___ Dataset excerpt
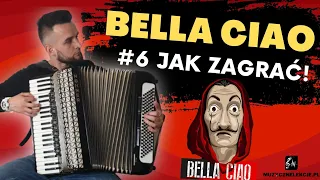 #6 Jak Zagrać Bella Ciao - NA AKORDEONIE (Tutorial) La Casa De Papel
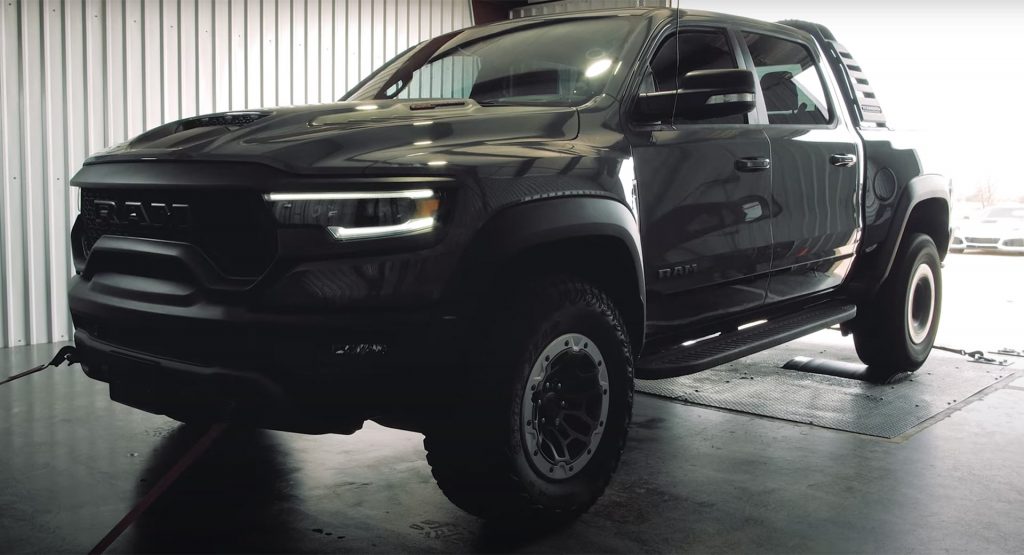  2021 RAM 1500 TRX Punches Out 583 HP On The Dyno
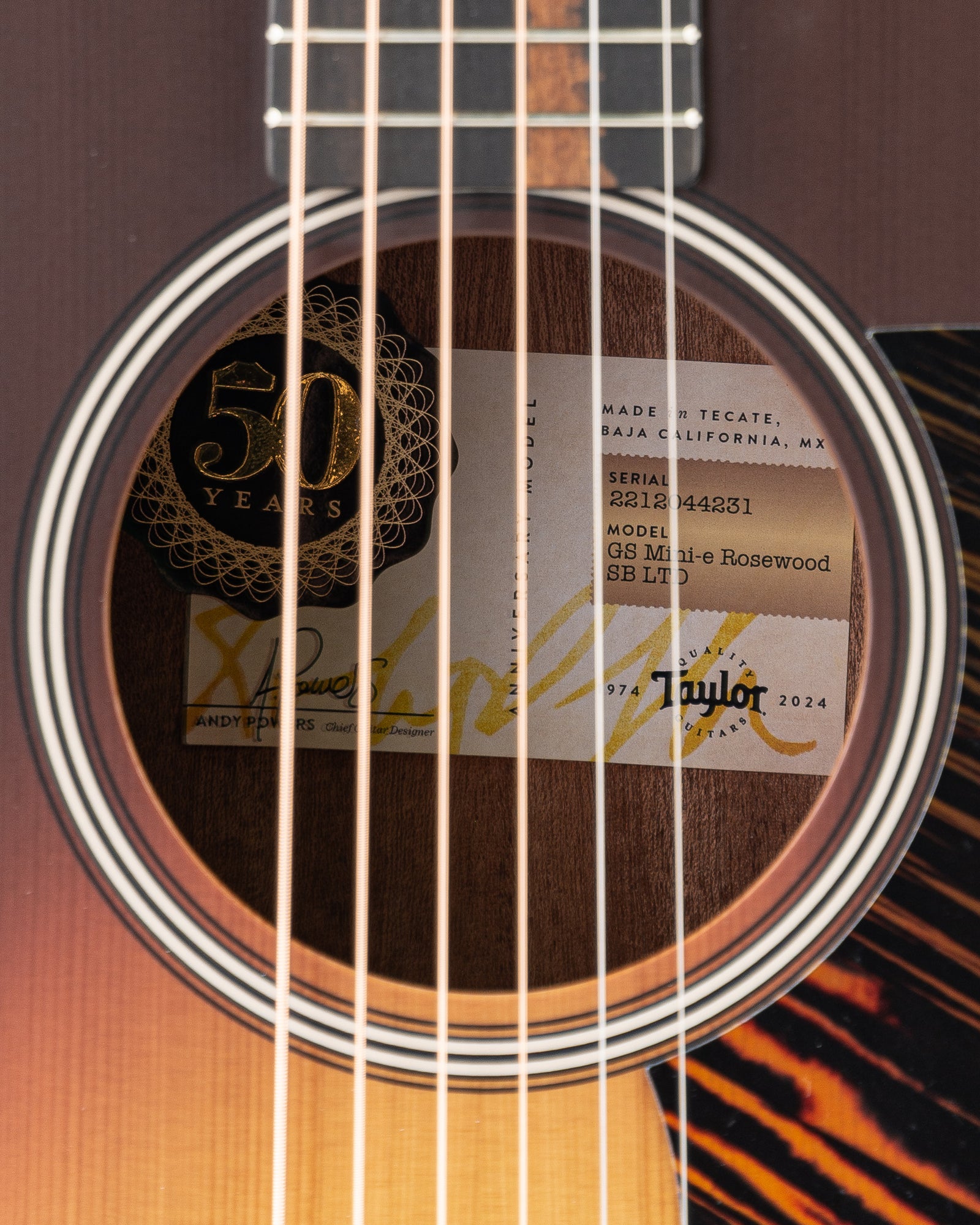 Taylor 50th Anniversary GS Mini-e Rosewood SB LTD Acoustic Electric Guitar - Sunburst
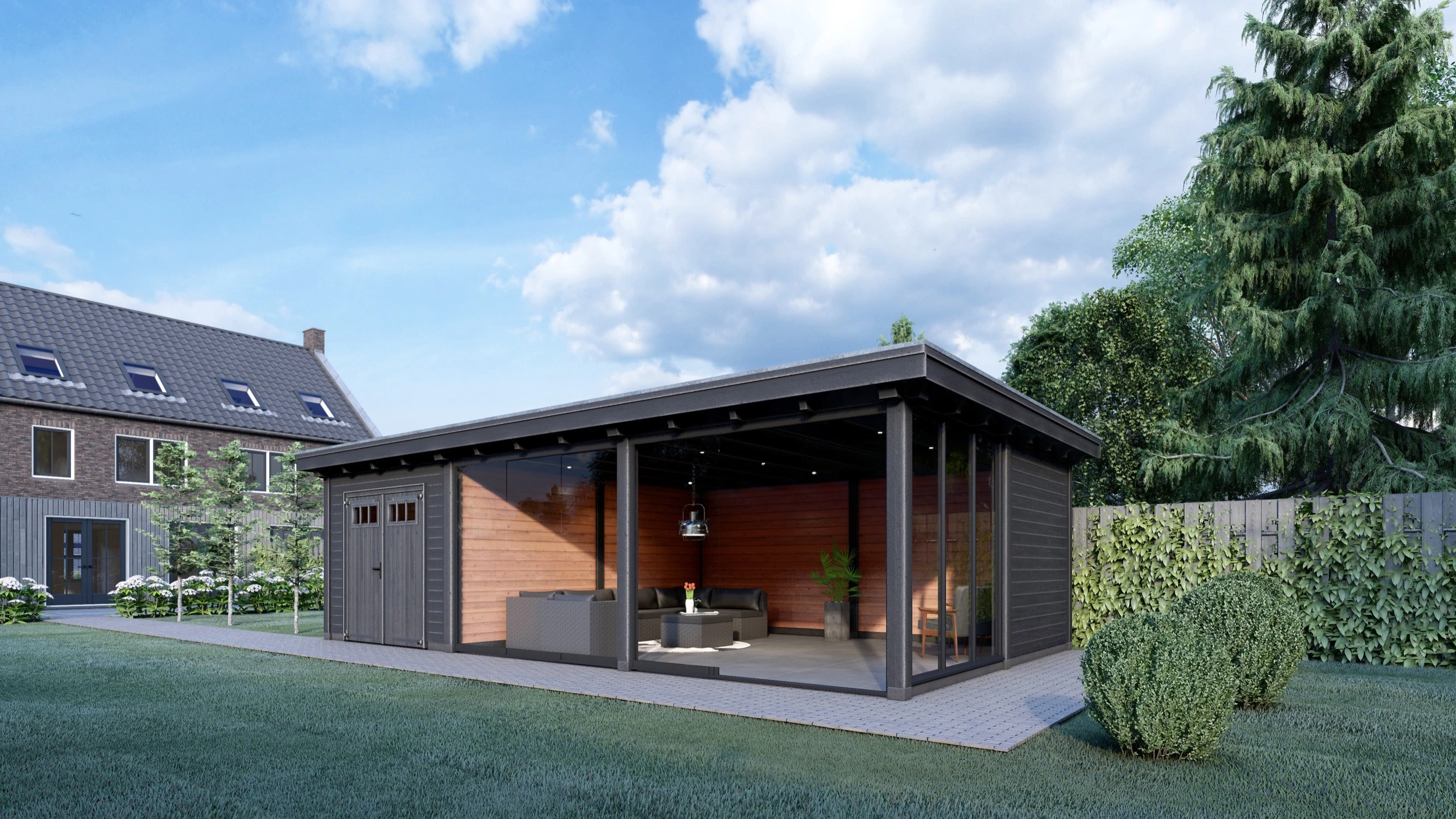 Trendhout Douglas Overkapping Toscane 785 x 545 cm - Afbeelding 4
______
**Task objective**:
Reproduce all the material exactly, omitting images.

**Your solution**:
 #6 Jak Zagrać Bella Ciao - NA AKORDEONIE (Tutorial) La Casa De Papel
  2021 RAM 1500 TRX Punches Out 583 HP On The Dyno
 Taylor 50th Anniversary GS Mini-e Rosewood SB LTD Acoustic Electric Guitar - Sunburst
 Trendhout Douglas Overkapping Toscane 785 x 545 cm - Afbeelding 4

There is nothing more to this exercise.